The Emperor Xiaozong gave Wu a seal that read “First Among Painters” in the sixteenth century
Painting has always been regarded by the Chinese as a supreme art
The Pleasures of the Fishing Village
The character of the artist is revealed in his painting. The motif was a revered one in China, enjoying its greatest expression in works of the Southern Sung Dynasty (1127-1260). In examples of this classical period, however, man, manifested in his noblest role as a scholar according to the Chinese ideal, is not the focus. He is usually placed at one corner of the composition, in scale neither negligible nor dominant. Attention is drawn to what he contemplates - a vast and nebulous void, the realm of the mind and the spirit. Usually, no object of contemplation is indicated but introspection is suggested. Wu Wei's work, on the other hand, concentrates upon man.

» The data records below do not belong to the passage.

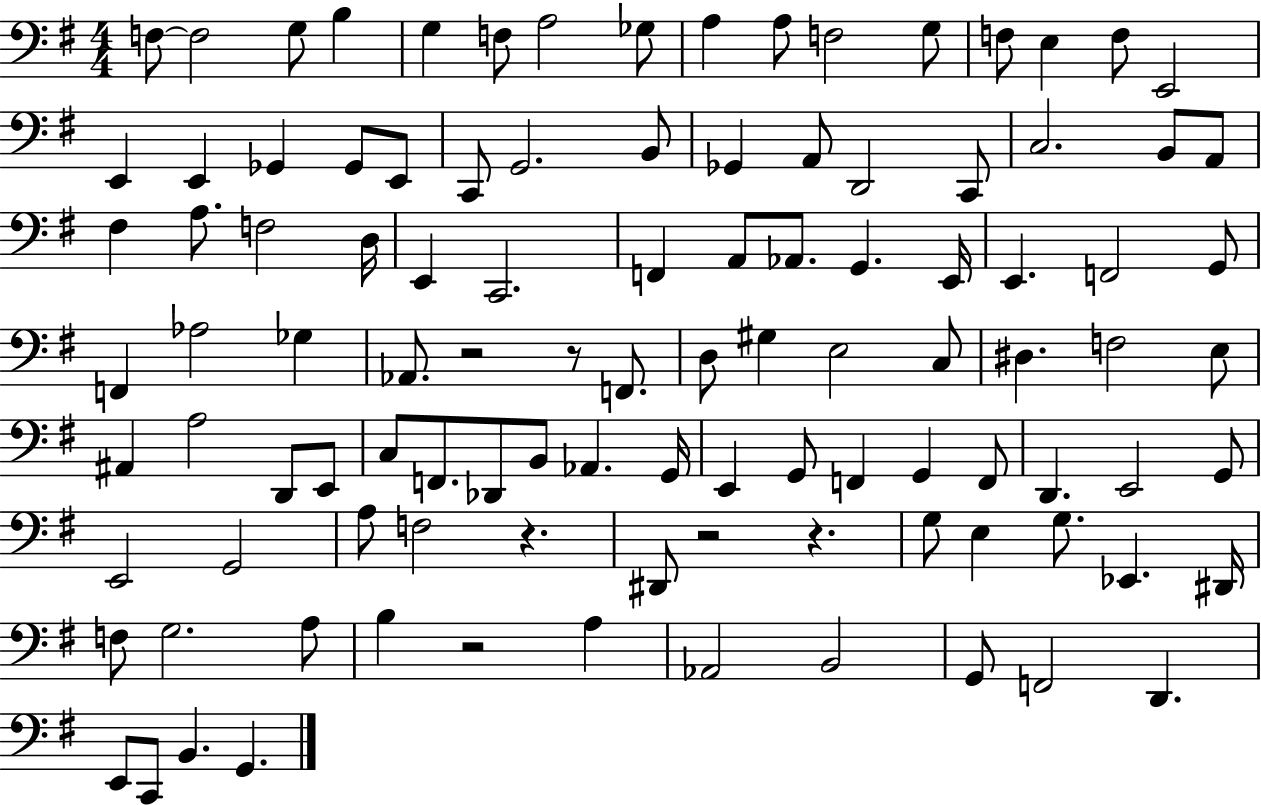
X:1
T:Untitled
M:4/4
L:1/4
K:G
F,/2 F,2 G,/2 B, G, F,/2 A,2 _G,/2 A, A,/2 F,2 G,/2 F,/2 E, F,/2 E,,2 E,, E,, _G,, _G,,/2 E,,/2 C,,/2 G,,2 B,,/2 _G,, A,,/2 D,,2 C,,/2 C,2 B,,/2 A,,/2 ^F, A,/2 F,2 D,/4 E,, C,,2 F,, A,,/2 _A,,/2 G,, E,,/4 E,, F,,2 G,,/2 F,, _A,2 _G, _A,,/2 z2 z/2 F,,/2 D,/2 ^G, E,2 C,/2 ^D, F,2 E,/2 ^A,, A,2 D,,/2 E,,/2 C,/2 F,,/2 _D,,/2 B,,/2 _A,, G,,/4 E,, G,,/2 F,, G,, F,,/2 D,, E,,2 G,,/2 E,,2 G,,2 A,/2 F,2 z ^D,,/2 z2 z G,/2 E, G,/2 _E,, ^D,,/4 F,/2 G,2 A,/2 B, z2 A, _A,,2 B,,2 G,,/2 F,,2 D,, E,,/2 C,,/2 B,, G,,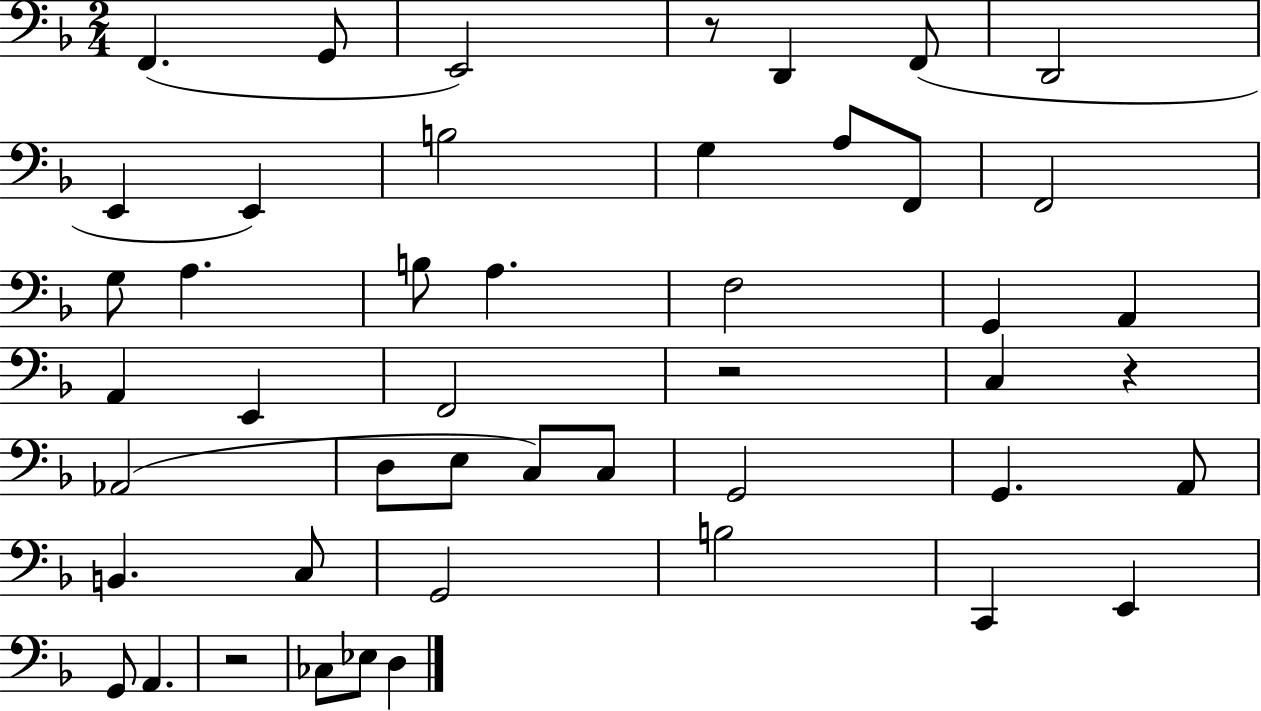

The scholar is large in scale and no room remains within the scroll to convey what he may be pondering. Instead, the painter's personality is so forcefully displayed in this work as to be the primary element. Who could ignore the eccentric and varied qualities of his brush-work? Both content and execution inform us that it is man himself which is the subject of this painting. The vision here is no longer of something within, and yet beyond, man; instead, man himself has become the focus of vision.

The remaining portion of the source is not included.